Last month, Dan Colliers, a vice president for commercial real estate firm Colliers, told Daily Hive Urbanized there is nothing firm to announce yet on The Hive’s leasing, but there are still a few moving parts.
In 2018/2019, when the building’s development permit application was being considered by the municipal government, it was stated that the building has potentially enough space to accommodate up to nearly 2,000 office workers.
According to Grant, whose company continues to propose major office developments in the area, there is long-term demand for office space in the Great Northern Way corridor, and this will be aided by the introduction of residential density.

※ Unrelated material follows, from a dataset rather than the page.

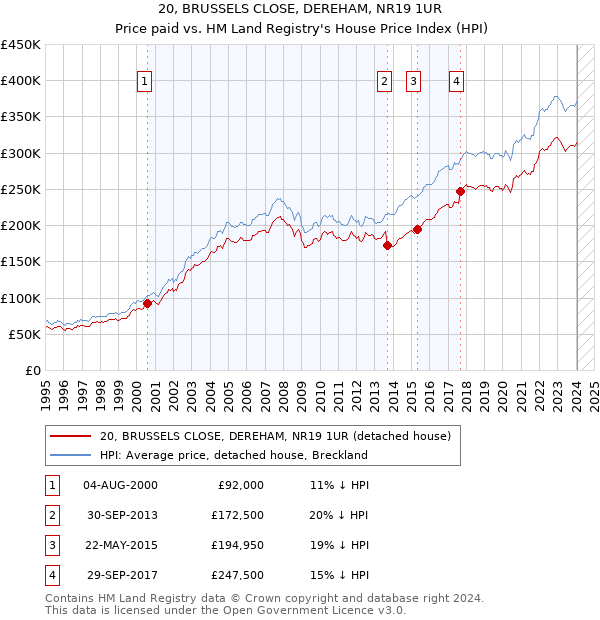 20, BRUSSELS CLOSE, DEREHAM, NR19 1UR: Price paid vs HM Land Registry's House Price Index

The long-term allure of the area is also aided by the 2026 opening of SkyTrain Millennium Line’s Broadway extension between VCC-Clark Station to Arbutus, which will vastly improve the area’s regional accessibility.
“I think that the really big key to the long-term office demand in all these areas, but particularly on Great Northern Way, is the need to have the housing and the shops and services. That’s why we’re really encouraged by our Great Northern Way-Emily Carr proposal because there is some office included, but the housing component is really important to be able to kind of create the activity that we need to generate some more office demand,” Grant told Daily Hive Urbanized in a previous interview.
“I think we’re optimistic that over the long-term, particularly in close proximity of the SkyTrain stations, that there will be good office demand and especially from the creative type industries that the City has aspired to with the Broadway Plan. But it’s really important that housing, particularly good rental housing, is there in advance because it’s a real limit without it.”
As well, just to the south, Vancouver Community College has long-term plans to pursue a significant redevelopment of its campus with new residential, academic, and community uses.